Streaming data between Styx Grid Services

Let's create a silly workflow of two Styx Grid Services. We're going to reverse the contents of a file, then do the same again so that the contents of the final result are identical to the original file:

SGSRun localhost 9092 reverse2 -i input.txt -o output1.txt
SGSRun localhost 9092 reverse2 -i output1.txt -o output2.txt

If you run this with some input file (or you could pass in data from a URL as above) you should be able to verify that input.txt and output2.txt have the same contents.

Let's pretend that we were working with large files and that we weren't interested in the intermediate file (output1.txt). We have wasted time and bandwidth by downloading output1.txt to our local machine and then immediately uploading it to the second service in the above workflow.
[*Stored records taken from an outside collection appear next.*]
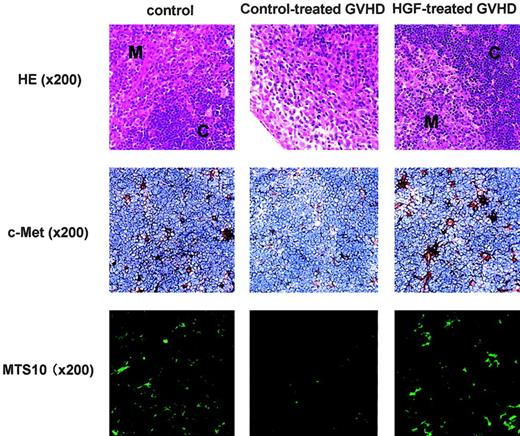 Figure 5. TEC expression of c-Met and the effect of HGF treatment. The HGF receptor c-Met is expressed by TECs and HGF treatment reduces TEC injury. Top row: BDF1 (Ly5.2) recipients were treated as described in the Figure 4 legend. On day 14 after GVHD induction, thymic tissue sections from the 3 groups that received transplants were analyzed for histology with the use of hematoxylin and eosin (HE) stain. M indicates medulla; and C, cortex. Middle row: On day 14 after GVHD induction, thymic tissue sections from the 3 groups that received transplants were analyzed for the expression of HGF receptor c-Met with the use of an anti–c-Met antibody. Adjacent sections (not shown) were stained for cytokeratin to verify the presence of TECs. Bottom row: On day 14 after GVHD induction, thymic tissue sections from the 3 groups that received transplants were analyzed for medullary TECs with the use of an anti-MTS10 antibody. Original magnification × 200 (indicated in parentheses). Image acquired using a dual-model cooled CCD camera C4880 (Hamamatsu Photonics, Hamamatsu, Japan), numerical aperture 0.75, and ARGUS (Hamamatsu Photonics).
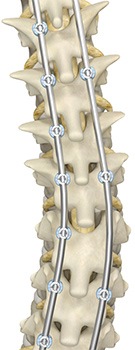 Picture of Mako Spine Scoliosis Correction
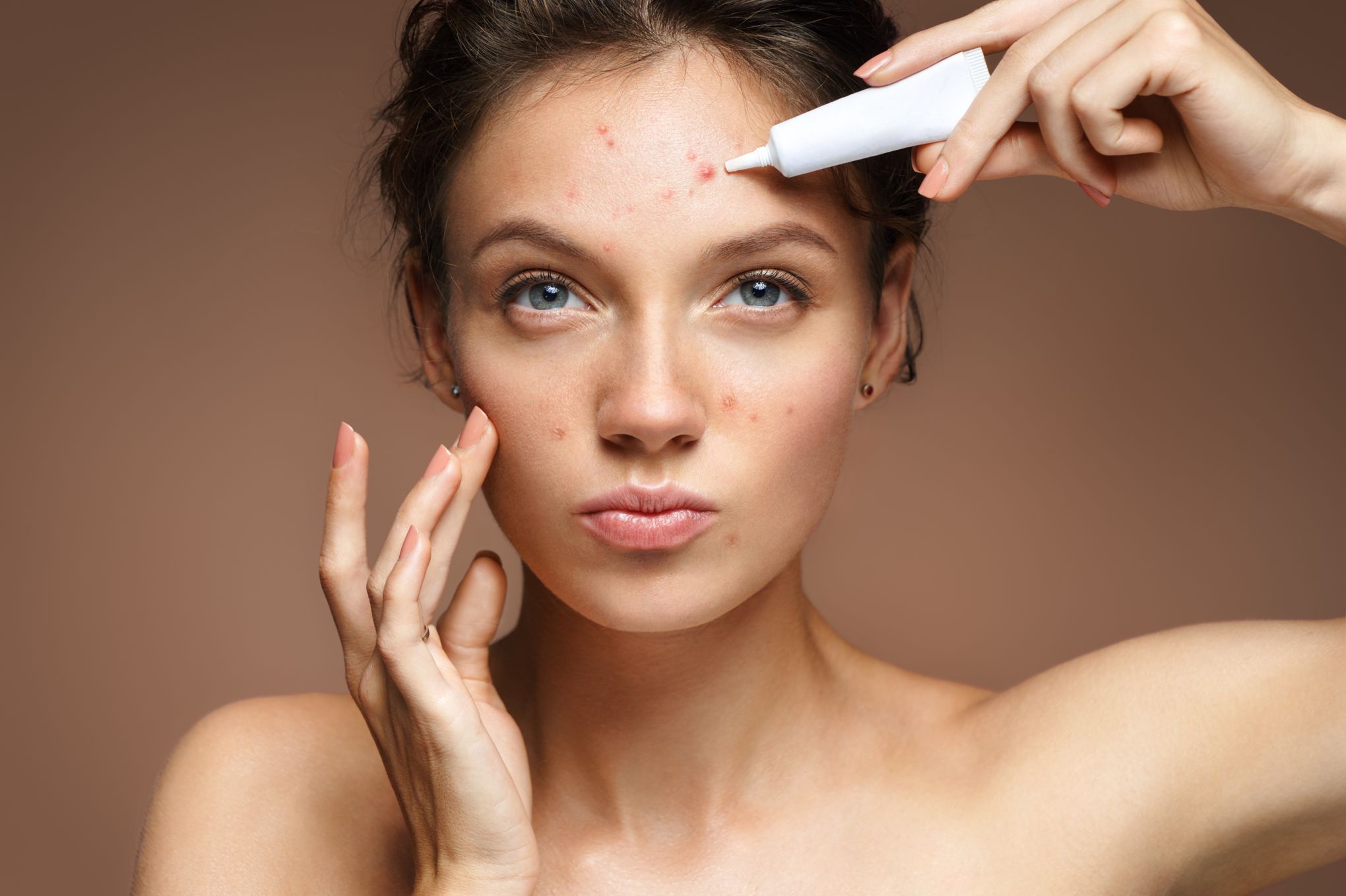 Comment Acheter Du Roaccutane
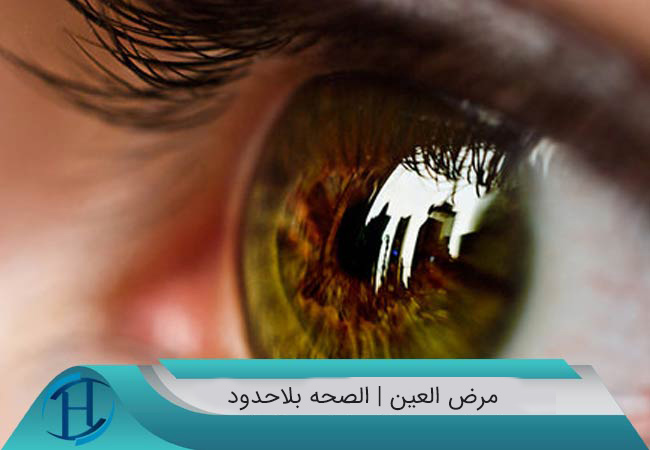 مرض-العين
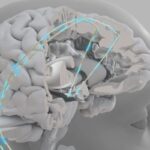 Il cervello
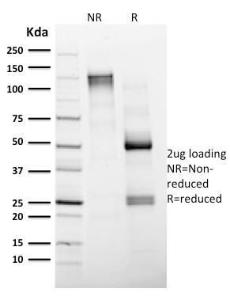 SDS-PAGE analysis of Anti-CD4 Antibody [CD4/1604] under non-reduced and reduced conditions; showing intact IgG and intact heavy and light chains, respectively. SDS-PAGE analysis confirms the integrity and purity of the antibody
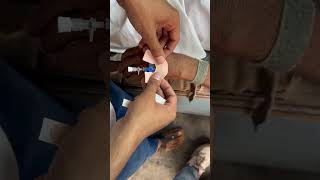 Iv cannula technique iv cannula kaise lagaya jata hai shortfeed viralreel trend video cannula [upl. by Lednar]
We can be more efficient by downloading (and then uploading) a reference to the intermediate file, with a small change to the workflow. We just add a .sgsref extension to any output file that we want to get a reference to. Then we can upload that reference exactly as if it were the file itself:

SGSRun localhost 9092 reverse2 -i input.txt -o output1.txt.sgsref
SGSRun localhost 9092 reverse2 -i output1.txt.sgsref -o output2.txt

You should be able to verify that this has the same overall effect as the previous workflow. If you examine the contents of the output1.txt.sgsref file you will find that it contains the string "readfrom:styx://.../reverse2/instances/.../outputs/outputfile". This is a reference to the output file that was produced by the first SGS.

Streaming data using the pipe operator

Let's go back to the first example in this section of the tutorial. We printed the string "Hello World" then reversed it using two SGSs:

SGSRun localhost 9092 helloworld | SGSRun localhost 9092 reverse

What happened behind the scenes was this: the standard output from the helloworld service was redirected to the local console window. Instead of being printed out, it was redirected immediately to the remote reverse service. In other words the data made an unnecessary trip to our client machine and back out again.

As above, we can arrange for the data to be passed directly between the two services. However, this time we have no filename to which we can append the magic ".sgsref" extension so what do we do? You can find out by using the help system: enter SGSRun localhost 9092 helloworld --sgs-verbose-help (see Getting help). There is a command-line switch --sgs-ref-stdout, which will cause a reference to the output data to be printed to the console window instead of the data themselves. It is this reference that is passed to the reverse service:

SGSRun localhost 9092 helloworld --sgs-ref-stdout | SGSRun localhost 9092 reverse

The string "Hello World" has been passed directly between the two services.

Obtaining the error code

You should now be getting the picture that you can create shell scripts (or batch files) that tie Styx Grid Services together to produce distributed applications. The SGSRun program behaves exactly like the program that has been wrapped as a Styx Grid Service. It even captures the error code from the remotely-running executable and returns this error code when it finishes. Therefore, you can trap this error code to see if the remote executable has finished successfully.

Disadvantages of the SGS system

The SGS system is a very quick and easy way to create workflows that are based on remote services. We have seen how data can be passed directly between services. However, unlike other workflow systems (e.g. Web Service-based ones), the units of information that are being passed around are files. In other systems, these units might be strings, integers or perhaps objects. This means that it is up to the individual services in an SGS workflow to verify that its input files are valid (the inputs and outputs are very weakly typed). Exactly the same problem is of course faced when using shell scripts to tie together local programs.